Can good things come in fours?
A quartet of the largest U.S. banks reported a mixed set of Q3 earnings results before the opening bell. Strength at JPMorgan Chase & Co (NYSE: JPM) and Citigroup Inc (NYSE: C) got balanced by weakness at Goldman Sachs Group Inc (NYSE: GS) and a hit and miss from Wells Fargo & Co (NYSE: WFC).
Before getting to specifics at each company, one thing that stood out about the banks this quarter was confirmation that the consumer is healthy and that people are taking loans. However, as expected, all the banks struggled with net-interest margin, and the uncertainty around tariffs appears to have companies not sure how to spend.
JP Morgan Chase kicked things off in an impressive way by easily surpassing third-party earnings and revenue estimates, driven by strength in its fixed income segment and net-interest income.
JPM CEO Jamie Dimon is sometimes seen as the dean of Financial CEOs, and his words about the economy have a close following in the markets.
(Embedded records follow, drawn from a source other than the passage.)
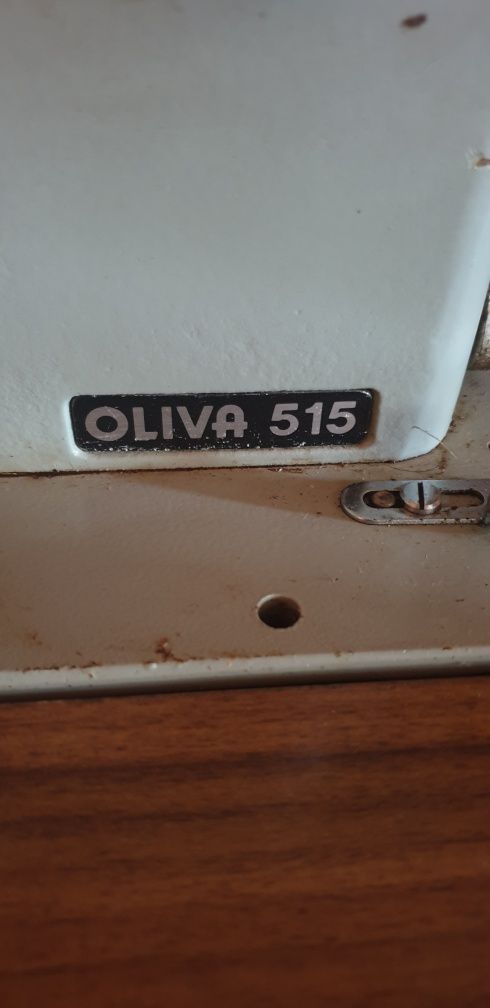 Máquina de costura oliva 515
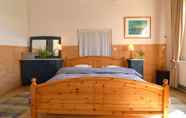 Bedroom 2 Characteristic Headlong Hull Farm With Thatched Cover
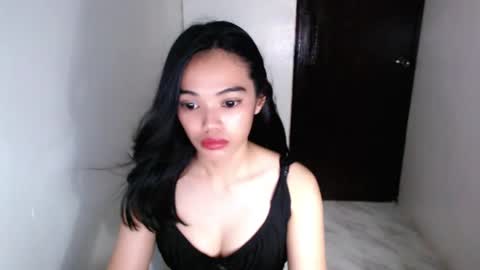 cuddlepunk_bubble online show from 04/30/26, 08:57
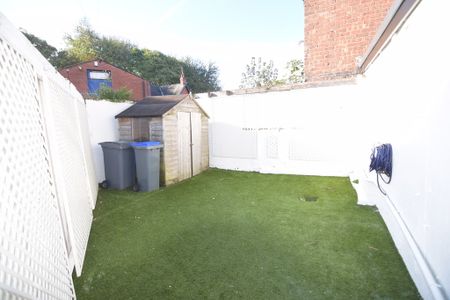 To Let 3 Bed Semi-Detached House - Photo 2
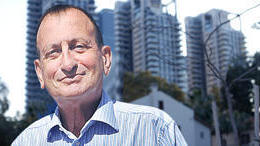 Мэр Тель-Авива Рон Хульдаи на фоне небоскребов (Фото: Амит Шааль, Юваль Хен) Мэр Тель-Авива Рон Хульдаи на фоне небоскребов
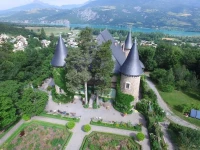 Chateau De Picomtal 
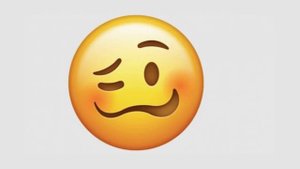 Смайлик на iPhone попал в СКАНДАЛ!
Today, he again cited the strong consumer, but also sounded slightly cautious about the economy in general.
"In the U.S. economy, GDP growth has slowed slightly,” Dimon said. “The consumer remains healthy with growth in wages and spending, combined with strong balance sheets and low unemployment levels. This is being offset by weakening business sentiment and capital expenditures mostly driven by increasingly complex geopolitical risks, including tensions in global trade."
Dimon’s words about weakening business sentiment and capital expenditures reinforce what we’ve talked about many times, namely that geopolitical risk remains something to consider keeping our eyes on.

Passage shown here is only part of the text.